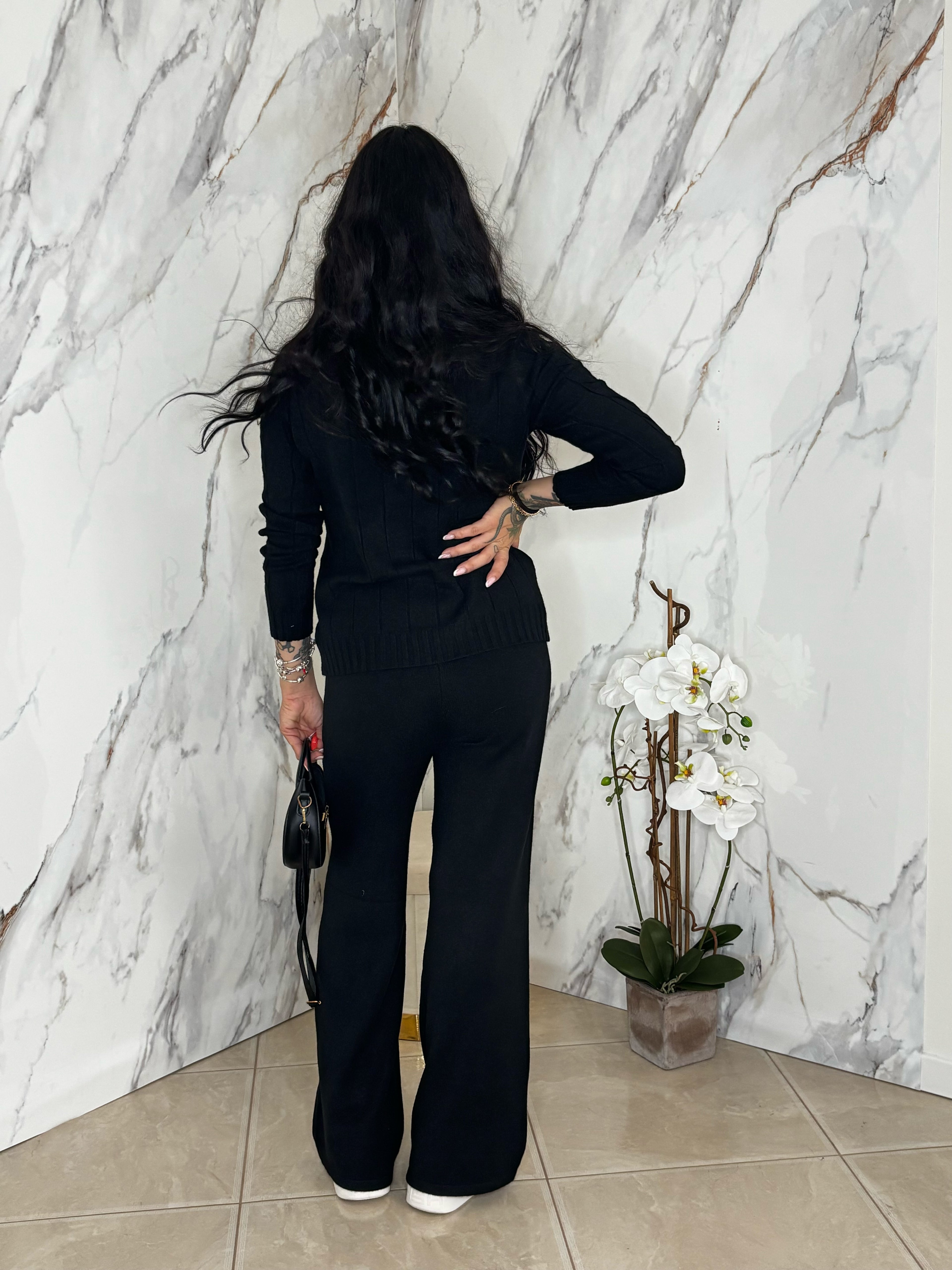 Coordinato Treccia Black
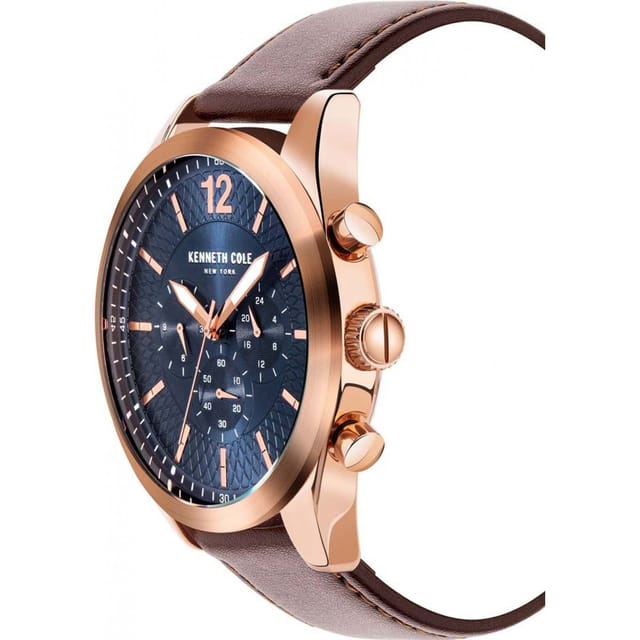 Kenneth Cole Kenneth Cole Men's KC51085003 Modern 48mm Quartz Watch in Brown - 2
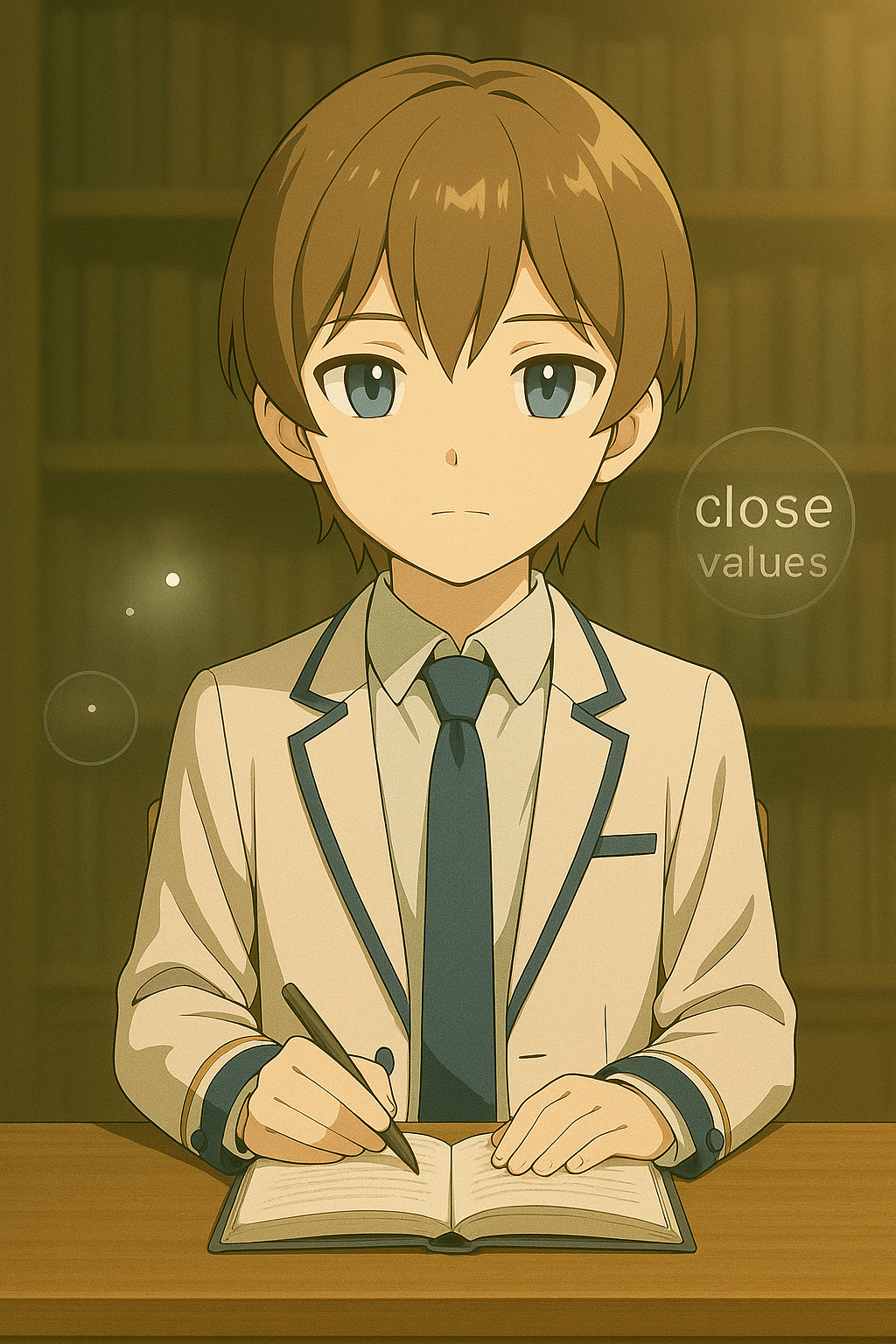 静かな研究室で本を前に思索するMaksim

——

THE PROBLEM: Only the lines from the one containing "Kenneth Cole Kenneth" through the last line of the material are to be restated word for word; no picture is to be included.

REPLY:
 Kenneth Cole Kenneth Cole Men's KC51085003 Modern 48mm Quartz Watch in Brown - 2
 静かな研究室で本を前に思索するMaksim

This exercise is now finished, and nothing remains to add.